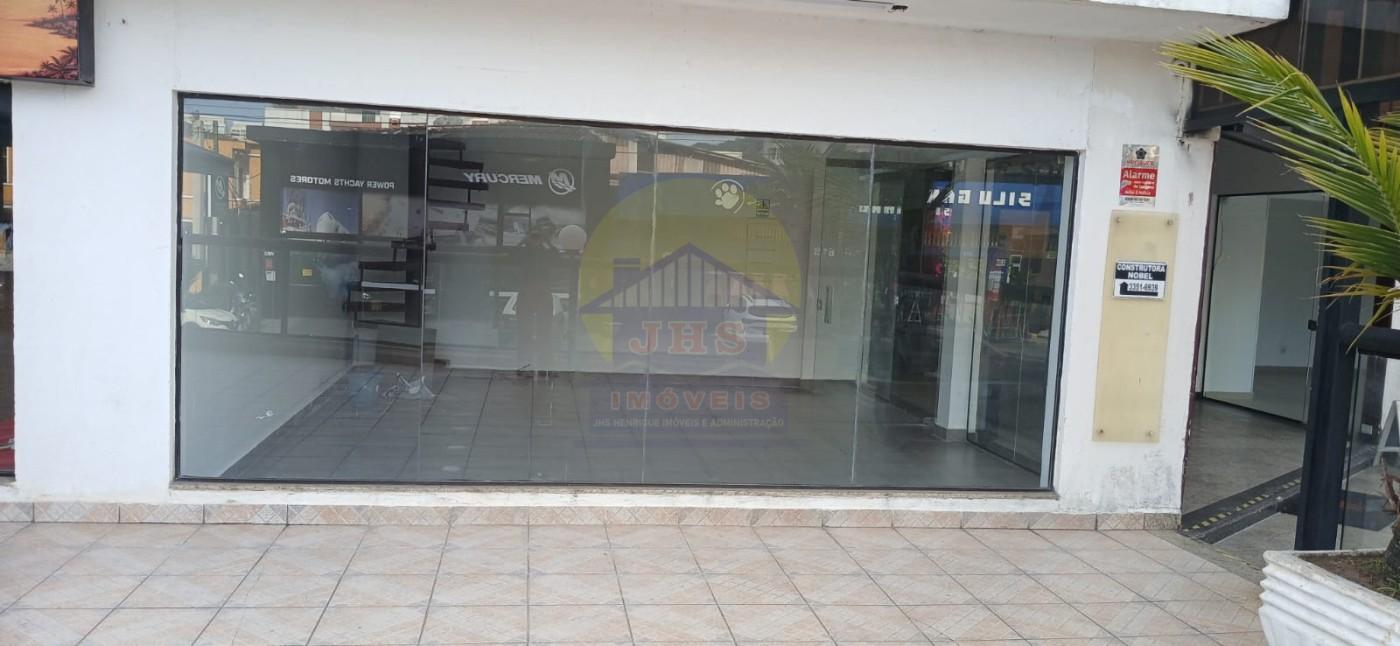 imagem-miniatura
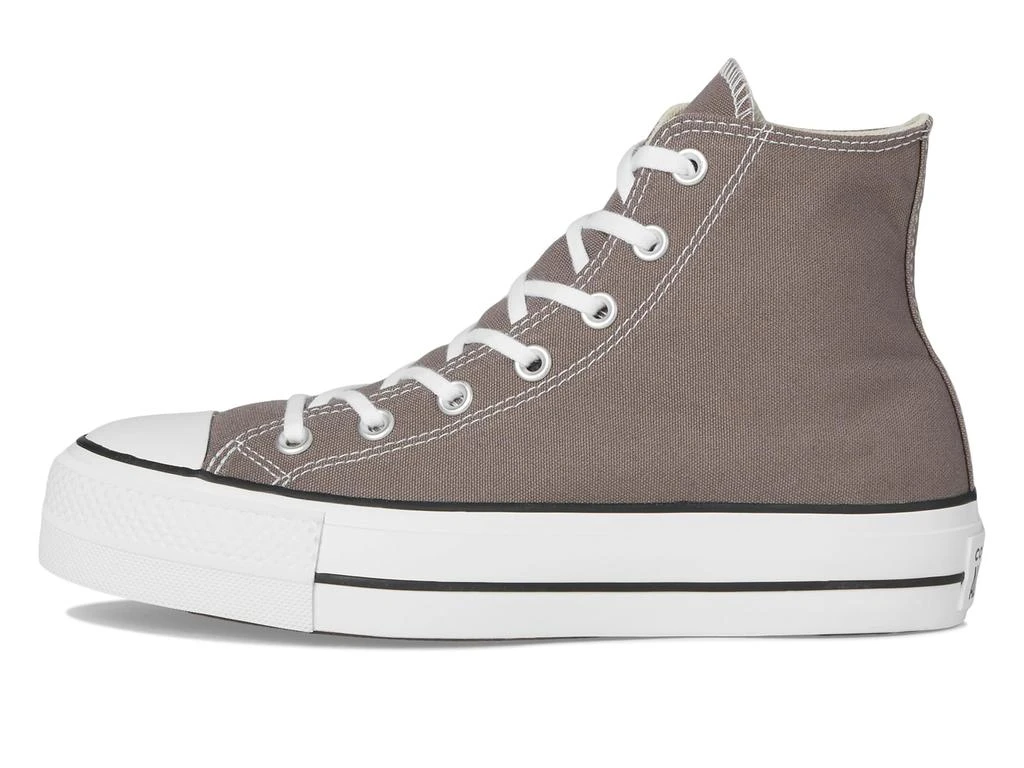 Converse Chuck Taylor All Star Lift Platform 4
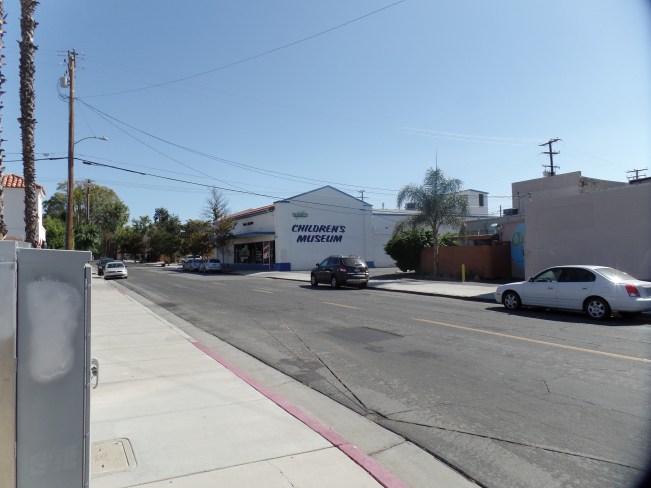 SAMSUNG CAMERA PICTURES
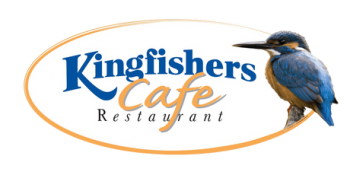 Kingfishers Cafe Restaurant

[Directions]:
Since only the text is needed, retype the data above exactly and omit the pictures.

[Exercise solution]:
 imagem-miniatura
 Converse Chuck Taylor All Star Lift Platform 4
 SAMSUNG CAMERA PICTURES
 Kingfishers Cafe Restaurant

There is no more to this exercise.